= Elizabeth Baker (diarist) =

British diarist

Elizabeth Baker (c. 1720 – c. 1797) was an English secretary, diarist, and amateur geologist.

==Life==
Baker was from the English Midlands, where her father was a minister. She lived for a time in Coventry, Warwickshire.

She moved to Wales in 1770 to prospect for metals in the Dolgellau area of Merionethshire, but did not have the financial support of her partners to be able to complete the endeavour. She obtained a position with Hugh Vaughan (Note: Hugh Vaughan was the great-great grandson of antiquary Robert Vaughan.) as his secretary at Hengwrt until 1778. She lived there until his property was taken on behalf of his creditors. Baker then lived in Bryn Adda for about six years, followed by Dolgellau. She documented her experiences in ten diaries, which were held by the National Library of Wales, and excerpts were published in its journal. They are considered notable for the documentation of the history of the area. Vaughan was a solicitor, and her diary documents some of his legal proceedings.

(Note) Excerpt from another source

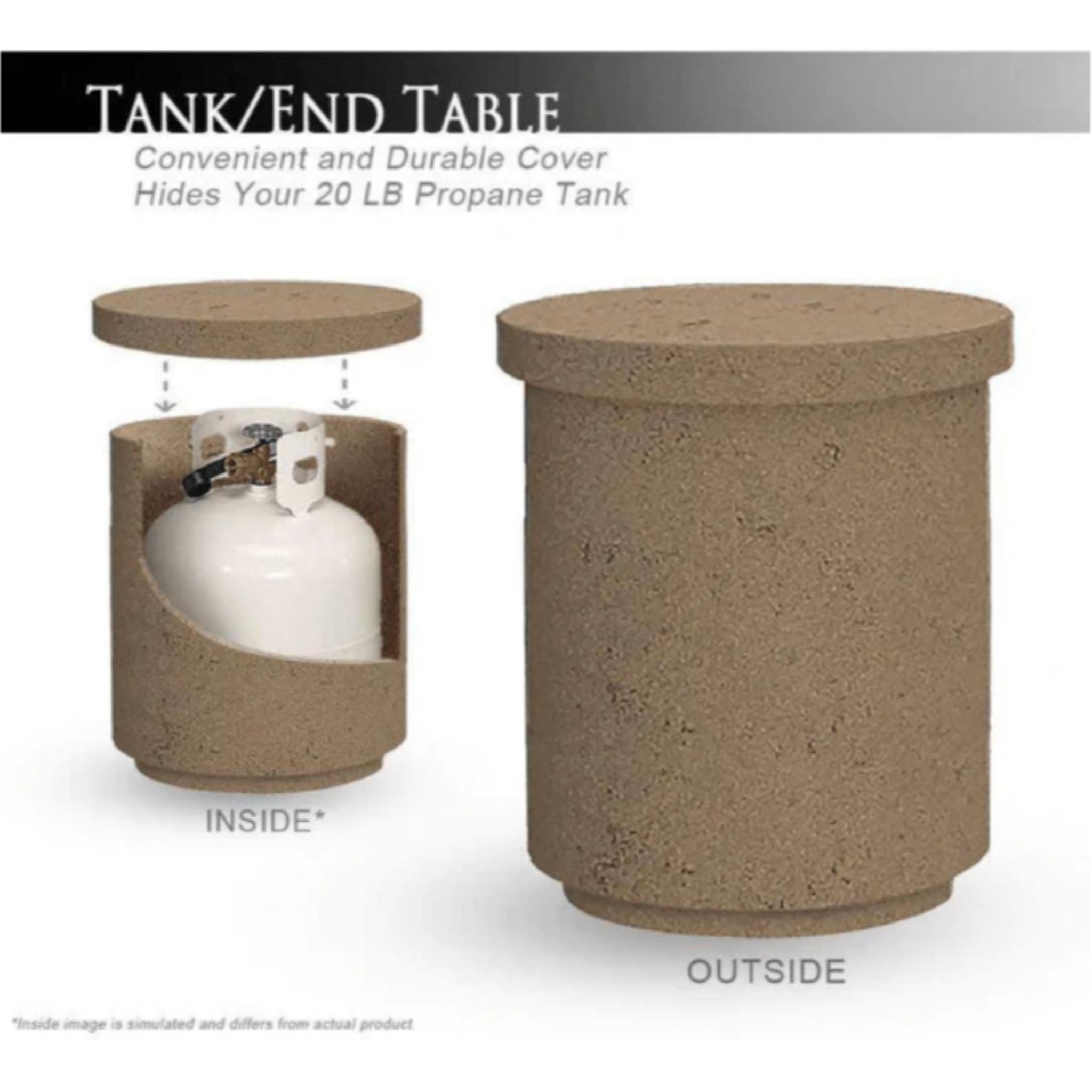 American Fyre Designs Contempo Tank Cover/End Table in GFRC
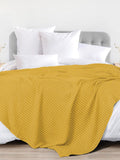 URBAN SPACE Waffle Mustard Checked Cotton AC Room 150 GSM Single Bed Blanket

Correspondence that was archived with her diaries show that she was alive until 1797. She is believed to be the Elizabeth Baker who was buried in Dolgellau in 1799. (Note: The Dictionary of Welsh Biography states that she died on 26 November 1789, and was buried in the Dolgellau churchyard.) Identified as Mrs. Baker, her papers and diaries from the period from 1740 to 1798 were archived at the National Library of Wales.